Namun, dengan luas lahan tersebut, masih kalah dengan produksi cengkeh dari negara Tiongkok. Hanya dengan luas lahan 1.000 hektare, negeri Tirai Bambu itu mampu menghasilkan 11.500 kilogram per hektare.
"Masih sangat disayangkan, di Indonesia per hektarenya hanya mampu menghasilkan cengkeh sebanyak 2.202 kilogram," kata Aswar Abubakar, Direktur Tanaman Rempah dan Penyegar, Kementrian Pertanian RI di sela-sela acara deklarasi ASEAN Clove Spice Association (ASCA) atau Asosiasi Rempah Cengkeh ASEAN di Yogyakarta, Rabu 3 Desember 2014.
Menurut dia, masih rendahnya tingkat produksi cengkeh di Indonesia, karena trauma yang dihadapi petani cengkeh, ketika harga jatuh beberapa tahun yang lalu.
"Akibatnya, banyak pohon cengkeh yang dibiarkan terbengkelai dan tidak dirawat, bahkan ditebang.

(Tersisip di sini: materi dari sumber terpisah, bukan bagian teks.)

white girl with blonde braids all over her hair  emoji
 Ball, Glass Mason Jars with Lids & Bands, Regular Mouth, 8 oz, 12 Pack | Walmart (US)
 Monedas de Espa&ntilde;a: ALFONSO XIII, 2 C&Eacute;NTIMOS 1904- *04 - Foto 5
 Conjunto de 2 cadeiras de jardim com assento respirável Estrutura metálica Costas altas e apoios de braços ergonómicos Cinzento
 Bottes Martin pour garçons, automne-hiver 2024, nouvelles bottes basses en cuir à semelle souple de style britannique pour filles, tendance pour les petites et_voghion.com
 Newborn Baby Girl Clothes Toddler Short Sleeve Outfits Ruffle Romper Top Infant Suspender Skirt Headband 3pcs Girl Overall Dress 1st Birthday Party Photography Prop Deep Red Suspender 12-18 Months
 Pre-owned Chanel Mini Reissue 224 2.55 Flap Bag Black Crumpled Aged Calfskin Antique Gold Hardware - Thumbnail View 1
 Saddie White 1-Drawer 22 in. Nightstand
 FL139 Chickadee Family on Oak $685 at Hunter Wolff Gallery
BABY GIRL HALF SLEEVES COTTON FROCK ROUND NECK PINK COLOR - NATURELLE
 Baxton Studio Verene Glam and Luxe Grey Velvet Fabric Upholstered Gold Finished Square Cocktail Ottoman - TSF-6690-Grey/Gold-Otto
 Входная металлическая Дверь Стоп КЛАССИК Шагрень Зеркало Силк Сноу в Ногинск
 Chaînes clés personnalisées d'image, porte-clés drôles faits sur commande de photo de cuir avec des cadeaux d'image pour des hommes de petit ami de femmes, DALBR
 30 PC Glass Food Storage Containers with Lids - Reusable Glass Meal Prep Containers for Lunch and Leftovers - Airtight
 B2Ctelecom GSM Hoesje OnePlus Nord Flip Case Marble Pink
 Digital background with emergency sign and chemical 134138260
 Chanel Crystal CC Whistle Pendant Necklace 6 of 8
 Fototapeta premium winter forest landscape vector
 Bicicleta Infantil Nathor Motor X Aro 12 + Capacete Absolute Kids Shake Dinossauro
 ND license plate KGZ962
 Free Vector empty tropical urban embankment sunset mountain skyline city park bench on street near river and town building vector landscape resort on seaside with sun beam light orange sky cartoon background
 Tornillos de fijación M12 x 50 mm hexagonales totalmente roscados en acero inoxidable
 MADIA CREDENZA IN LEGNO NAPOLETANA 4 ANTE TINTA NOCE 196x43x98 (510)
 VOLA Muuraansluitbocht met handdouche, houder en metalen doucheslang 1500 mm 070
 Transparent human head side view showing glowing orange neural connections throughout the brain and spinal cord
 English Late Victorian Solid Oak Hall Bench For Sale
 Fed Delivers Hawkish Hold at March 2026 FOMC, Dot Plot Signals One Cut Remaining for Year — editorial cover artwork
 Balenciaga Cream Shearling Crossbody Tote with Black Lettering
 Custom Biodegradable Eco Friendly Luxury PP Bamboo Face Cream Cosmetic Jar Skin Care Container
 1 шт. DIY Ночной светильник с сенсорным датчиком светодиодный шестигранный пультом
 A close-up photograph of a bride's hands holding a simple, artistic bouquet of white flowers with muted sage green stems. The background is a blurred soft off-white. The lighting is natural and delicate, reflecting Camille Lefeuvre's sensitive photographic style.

Butuh waktu yang panjang untuk memperbaiki tanaman cengkeh yang kini masih hidup," tambahnya.
Meski demikian, permintaan cengkeh yang meningkat untuk kepentingan industri dan harga cengkeh yang relatif mahal, yaitu Rp130 ribu per kilogramnya, mendorong petani kembali menseriusi tanaman cengkeh.
"Untuk ekspor cengkeh, dalam satu tahunnya bisa mencapai US$25 juta. Sedangkan kebutuhan cengkeh untuk domestik juga cukup tinggi, terutama untuk pabrik rokok sigaret di Indonesia," jelasnya.
Tingkatkan produksi
Aswar menegaskan, dengan luas lahan yang ada dan digarap lebih dari 1.000 petani cengkeh di Indonesia, maka untuk meningkatkan produksi tidak perlu perluasan lahan.
"Memperbaiki lahan dan tanaman yang ada, serta diversifikasi produk turunan dari cengkeh saja, seperti untuk minyak pewangi, pengawet makanan non kimia, kosmetik, dan masih banyak lagi kegunaan cengkeh," terangnya.
Selain itu, dia menyatakan, apabila terlalu banyak memproduksi cengkeh sementara permintaan tetap, dikhawatirkan harga justru akan jatuh kembali.
Pada kesempatan yang sama, I Ketut Budiman Mudara selaku Ketua ACSA menyampaikan bahwa keberadaan ACSA diharapkan bisa menjadi jembatan, atau melindungi petani cengkeh di Indonesia, sehingga kasus BPPC (badan penyangga dan pengelolaan cengkeh) tidak terulang kembali.
"ACSA ingin petani cengkeh sejahtera dan tidak dipermainkan oleh tengkulak seperti zaman dahulu," ungkapnya.
Budiman menerangkan, petani cengkeh di Indonesia saat ini, terbanyak di Maluk dan kondisinya lebih baik dibandingkan beberapa tahun silam dengan harga cengkeh yang relatif stabil.
"Kita berusaha, agar harga cengkeh tetap kompetitif dan petani kembali menggeluti usaha cengkehnya," sambungnya lagi.
Untuk Yogyakarta, setidaknya terdapat sekitar 600 hektare yang kebanyakan berada di wilayah Kulonprogo. Namun, tidak semua lahan yang ada tanaman cengkehnya dalam kondisi baik, sehingga perlu adanya penanganan lebih lanjut dan juga peremajaan tanaman cengkeh.
"Jika saat ini ada peremajaan di lahan cengkeh yang rusak, lima tahun ke depan sudah dapat dirasakan manfaatnya," tambah Budiman.